## Description of the task
The entries are to be repeated exactly, with all pictures omitted.

## Study material
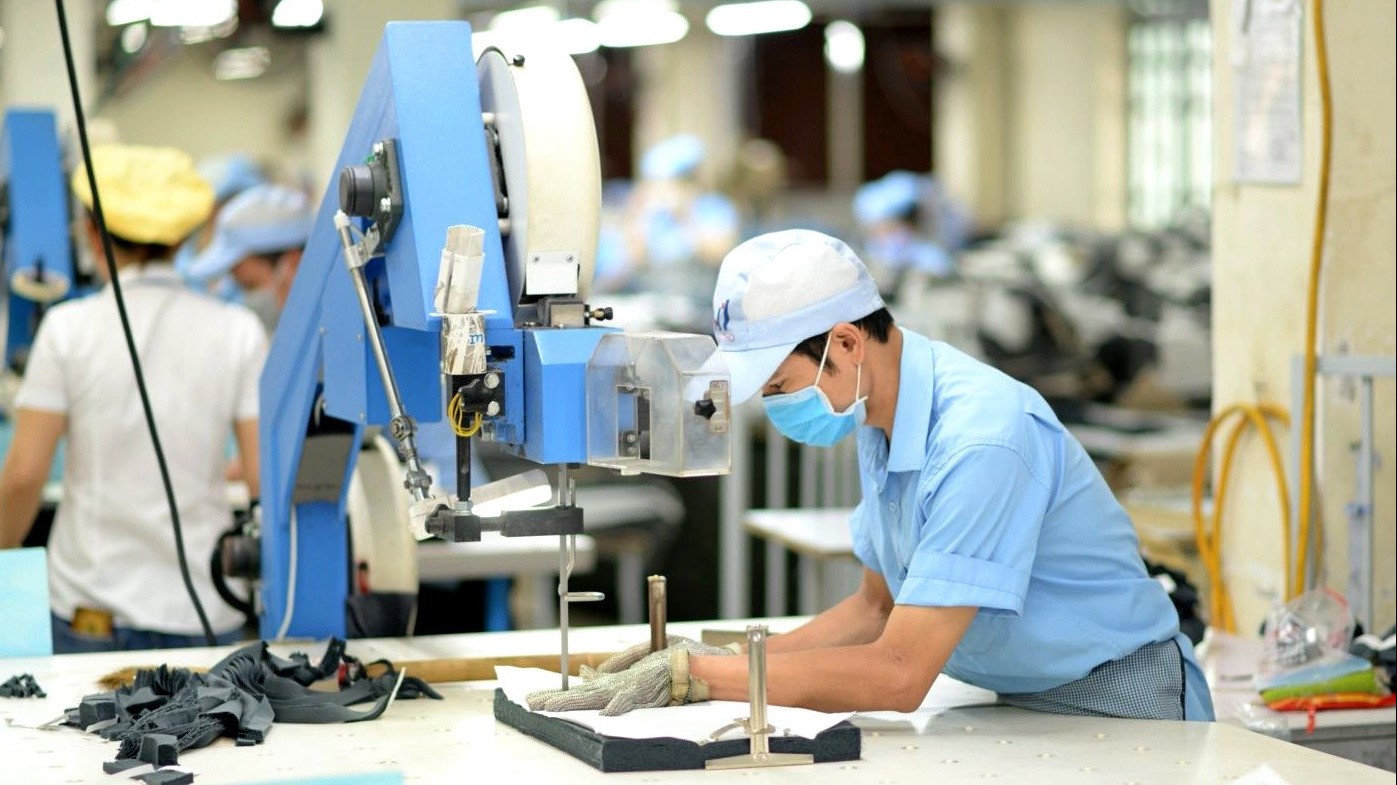 Xuất khẩu tăng hơn 17%, thương mại nửa đầu tháng 3 khởi sắc mạnh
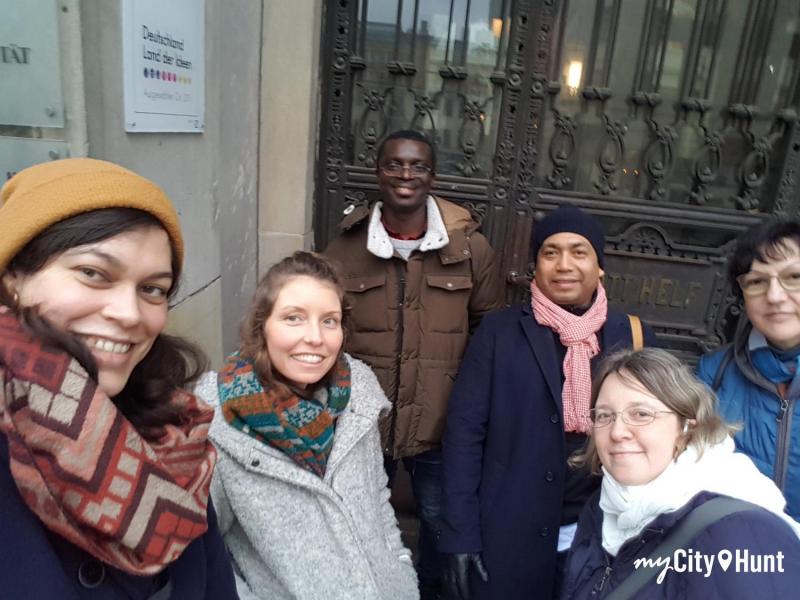 myCityHunt Jeu de Piste 1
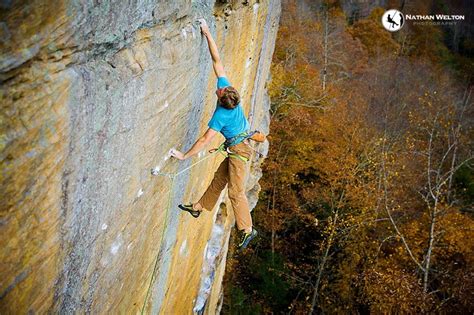Rock Climbing In The Red River Gorge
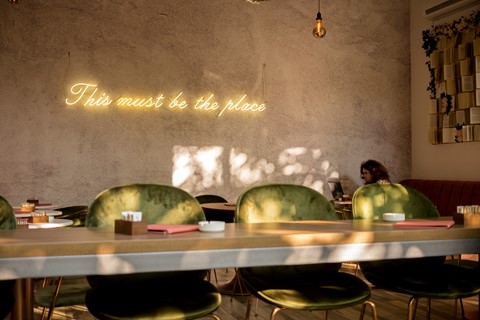 Photo by This must be the place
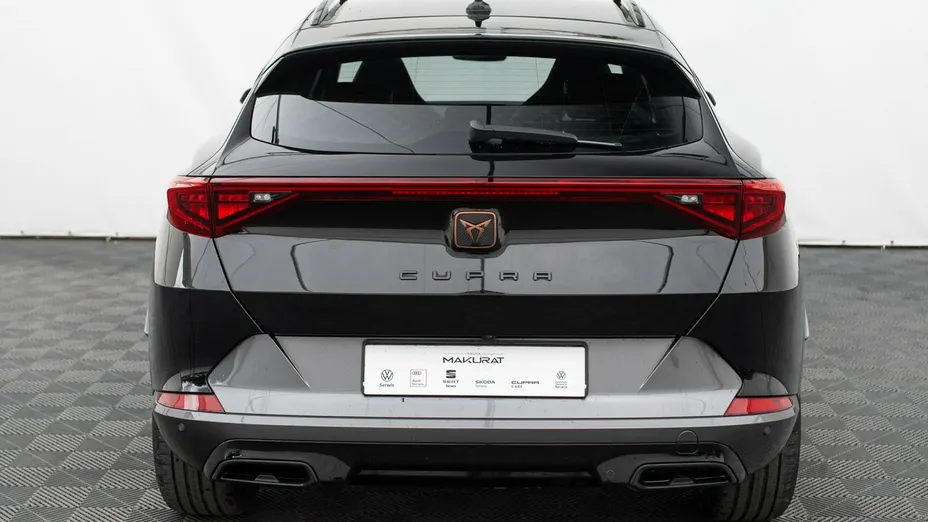 CUPRA Formentor -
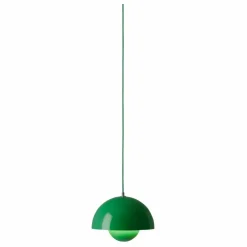 & Tradition Suspension Flowerpot VP1, Verner Panton, 1968 | Vert Best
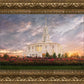 Payson Temple September Sunset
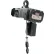 JET® Trademaster® BLVS100-010 Electric Chain Hoist, 1 Ton Cap., 10' Lift, 4/18 FPM, 110V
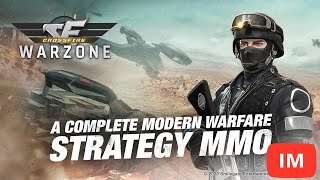CrossFire: Warzone - Strategy War Game
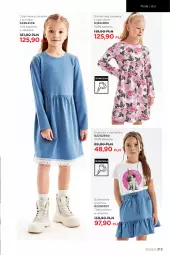 Gazetka promocyjna Faberlic - Gazetka - ważna od 03.04 do 03.04.2022 - strona 315 - produkty: Spódnica, Kosz, Koszulka, Wełna, Moda, Sukienka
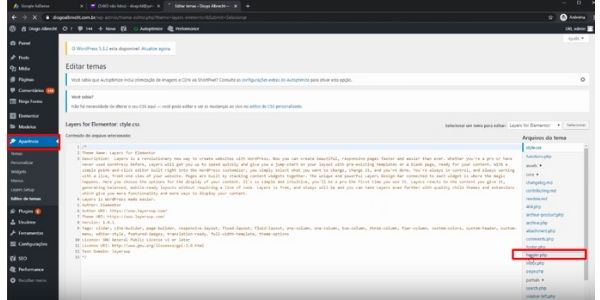 Adicione o Código do Google Adsense em seu Site?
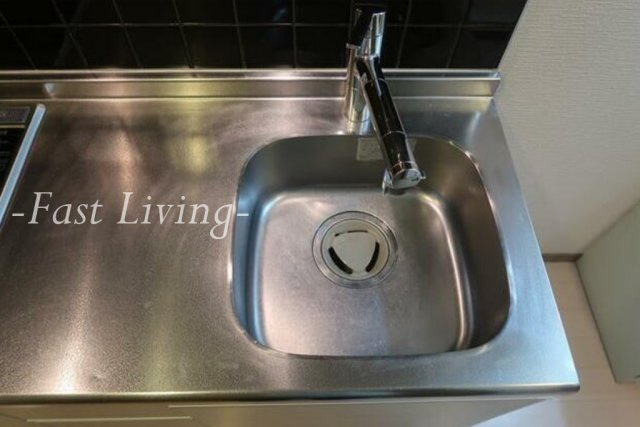 ル・リオン神楽坂のキッチン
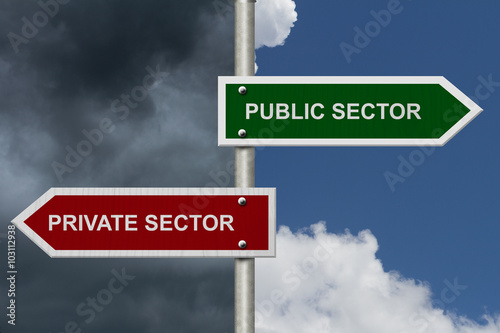 Public Sector versus Private Sector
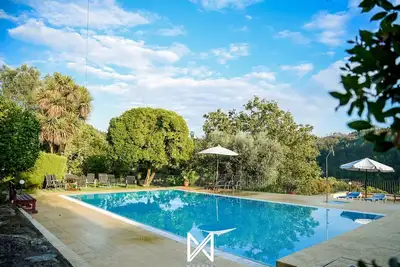 Image de MyStay - Quinta dos Vieiras con jardín y piscina privada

## Response
 Xuất khẩu tăng hơn 17%, thương mại nửa đầu tháng 3 khởi sắc mạnh
 myCityHunt Jeu de Piste 1
Rock Climbing In The Red River Gorge
 Photo by This must be the place
 CUPRA Formentor -
 & Tradition Suspension Flowerpot VP1, Verner Panton, 1968 | Vert Best
 Payson Temple September Sunset
 JET® Trademaster® BLVS100-010 Electric Chain Hoist, 1 Ton Cap., 10' Lift, 4/18 FPM, 110V
CrossFire: Warzone - Strategy War Game
 Gazetka promocyjna Faberlic - Gazetka - ważna od 03.04 do 03.04.2022 - strona 315 - produkty: Spódnica, Kosz, Koszulka, Wełna, Moda, Sukienka
 Adicione o Código do Google Adsense em seu Site?
 ル・リオン神楽坂のキッチン
 Public Sector versus Private Sector
 Image de MyStay - Quinta dos Vieiras con jardín y piscina privada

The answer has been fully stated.